Die rätselhaften Aarauer Rathaussäle
Hölzerner Täfer, geschnitzte Einhörner und mystische Wasserwesen umarmt von Blumengirlanden und Blättergeflechten, eine Supraporte mit dem Aarauer Adler abgebildet und dem Satz «Als man zalt von der Geburt Cristi 1520», Deckenmedaillons, die scheinbar genau beobachten, was unter ihnen geschieht. Würde sich der Aarauer Stadtrat momentan nicht nur digital besprechen, würde er sich in einem Raum treffen, auf den genau diese Beschreibung zutrifft: der Stadtratssaal im 2. Stock des Aarauer Rathauses. Aber auch im 1. Stock befindet sich ein Saal in genau diesem spätgotischen Stil.
Broschüre veröffentlicht
Da diese Räume für die Öffentlichkeit kaum zugänglich sind, widmet sich nun eine Broschüre der Ortsbürgergemeinde unter dem Titel «Die spätgotischen Säle des Aarauer Rathauses von 1519/1520» diesen beiden 500 Jahre alten «Schatzkammern». Auf 24 Seiten wurde all das Wissen über die beiden Säle gesammelt, das bis dato bekannt ist. «So umfassend wurde noch nie über die beiden Säle berichtet», sagt Stadtarchivar Raoul Richner, der neben Kunsthistorikerin Dominique Sigg für die Broschüre recherchiert hat. «Leider sind die Dokumentationen über die Säle nicht sehr vollständig, aber wir können uns ein grobes Bild machen, wie die Räume während all dieser Zeit verändert wurden.»
Fehlende Dokumentationen
Das Problem: Es gibt zwar Dokumente, die belegen, dass umgebaut, renoviert oder verändert wurde, aber was genau gemacht wurde, das fehlt in den Dokumenten. «Es wurde abgesägt, neu geschnitten, angemalt, wieder abgelaugt, dann zog die Hälfte des einen Saales ins Stadtmuseum in die sogenannte Rothpletzstube um und wurde dort als Wohnraum gebraucht.
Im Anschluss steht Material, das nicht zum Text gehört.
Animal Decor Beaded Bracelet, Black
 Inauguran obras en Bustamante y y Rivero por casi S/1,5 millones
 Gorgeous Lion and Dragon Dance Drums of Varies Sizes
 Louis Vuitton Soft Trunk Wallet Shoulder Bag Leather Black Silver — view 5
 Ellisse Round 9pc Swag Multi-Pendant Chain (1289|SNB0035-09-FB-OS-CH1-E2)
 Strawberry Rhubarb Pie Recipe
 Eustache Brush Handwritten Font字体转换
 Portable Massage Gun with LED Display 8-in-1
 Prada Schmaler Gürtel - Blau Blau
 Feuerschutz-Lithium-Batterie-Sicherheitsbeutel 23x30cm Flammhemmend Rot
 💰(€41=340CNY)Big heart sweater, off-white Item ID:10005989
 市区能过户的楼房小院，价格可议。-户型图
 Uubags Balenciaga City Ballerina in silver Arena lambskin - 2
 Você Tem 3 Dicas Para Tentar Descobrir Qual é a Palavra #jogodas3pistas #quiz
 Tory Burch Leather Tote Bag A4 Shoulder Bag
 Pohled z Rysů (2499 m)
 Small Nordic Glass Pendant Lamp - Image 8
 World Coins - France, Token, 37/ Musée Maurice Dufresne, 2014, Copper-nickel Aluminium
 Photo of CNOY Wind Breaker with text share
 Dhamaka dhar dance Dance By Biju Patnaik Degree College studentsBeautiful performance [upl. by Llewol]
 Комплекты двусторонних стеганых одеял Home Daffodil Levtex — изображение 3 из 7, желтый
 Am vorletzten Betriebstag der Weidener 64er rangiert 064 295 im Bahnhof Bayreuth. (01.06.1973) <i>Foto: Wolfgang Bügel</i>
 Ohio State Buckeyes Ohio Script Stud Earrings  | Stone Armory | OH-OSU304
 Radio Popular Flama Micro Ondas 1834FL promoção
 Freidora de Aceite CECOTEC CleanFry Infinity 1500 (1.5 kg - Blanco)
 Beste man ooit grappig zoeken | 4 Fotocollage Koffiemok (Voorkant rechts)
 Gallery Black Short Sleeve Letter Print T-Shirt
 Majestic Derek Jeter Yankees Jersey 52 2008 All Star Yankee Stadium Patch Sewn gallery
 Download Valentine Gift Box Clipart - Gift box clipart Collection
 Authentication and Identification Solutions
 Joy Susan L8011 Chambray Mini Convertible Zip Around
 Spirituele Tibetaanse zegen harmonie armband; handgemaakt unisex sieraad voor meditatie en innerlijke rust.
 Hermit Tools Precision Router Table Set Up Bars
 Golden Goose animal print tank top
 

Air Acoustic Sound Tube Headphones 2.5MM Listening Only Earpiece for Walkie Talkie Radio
Medaillons verschwanden. Dann gab es wieder massive Renovationen im Rathaus, wobei zu den Sälen keine Sorge getragen wurde. Wir haben genau darüber auf 24 Seiten eine Übersicht gemacht», so Raoul Richner.
Indizien statt Beweise
Zwar konnten einige Rätsel gelöst werden, das grösste Rätsel, nämlich zum Schöpfer der Schnitzereien, konnten keine neuen Erkenntnisse gewonnen werden. «Aufgrund von Indizien haben wir lediglich eine Idee, wer der Urheber sein könnte», sagt Raoul Richner. Diese Indizien weisen auf Jörg Wild aus Luzern hin. Raoul Richner hat die Hoffnung aber noch nicht ganz aufgegeben, dass hier noch Licht ins Dunkle gebracht werden kann. «Vielleicht taucht irgendwo in irgendeinem Archiv irgendwann ein Zettelchen auf, das den Schöpfer der Schnitzereien doch noch aufdeckt.»
Interessierte können die Broschüre beim Stadtbüro, beim Stadtmuseum und bei aarau info gratis abholen.